Alex has the whole world in front of him, is ready to reach for it, and yet, and yet…
Griffin Theatre is known for showcasing fresh, exciting writing, and UK playwright Simon Stephens’ On the Shore of the Wide World is another fascinating example of this. It’s a tender, grueling familial drama played out over three generations, where the characters all long to escape, but find that the ties that keep them together can also hold them back.

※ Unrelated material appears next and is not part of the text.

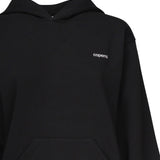 Hoodie in misto cotone COPJS15523 BLACK COPERNI 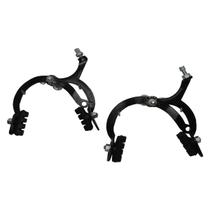 Ferradura Freio Side Pull MTB/ Cross Ferro Preto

This production brings together a troupe of very strong performers from the actors’ collective pantsguys, who are engaging throughout; bringing depth to characters that are torn between what they could have had, and what they are faced with now. Though the set is fairly unremarkable, and the musical interludes don’t leave a mark, Anthony Skuse’s direction takes great care with the pacing, ensuring that its emotional impact is gradual and understated. The pathos takes a good while to build; but the reward is that we follow the characters’ trajectories as the plot develops, and avoid feeling like victims of melodrama.
Alex (Graeme McRae) is young, confident, and selfish enough to escape the awful situation at home, but his parents cannot make the same changes, seemingly tied to their town and their grievances without really knowing why. Huw Higginson is truly excellent as the father, Peter, ranging from mousy to both broken- and lion-hearted, and Amanda Stephens-Lee is gripping, and unsettling as the strong but embittered mother. The grandparents (Paul Bertram and Kate Fitzpatrick), whose unhappiness with their splintering relationship seems even more ingrained, provide an historical context for Alex, who is the first in the family to leave town. He has a terrible time in London and, as the prodigal son, returns, though we know it is temporary. Although it lacks a dynamic range at times, On the Shore of the Wide World remains thought-provoking, endearing, and moving.
On The Shore Of The Wide Worldis playing at the Griffin Theatre until Saturday February 1.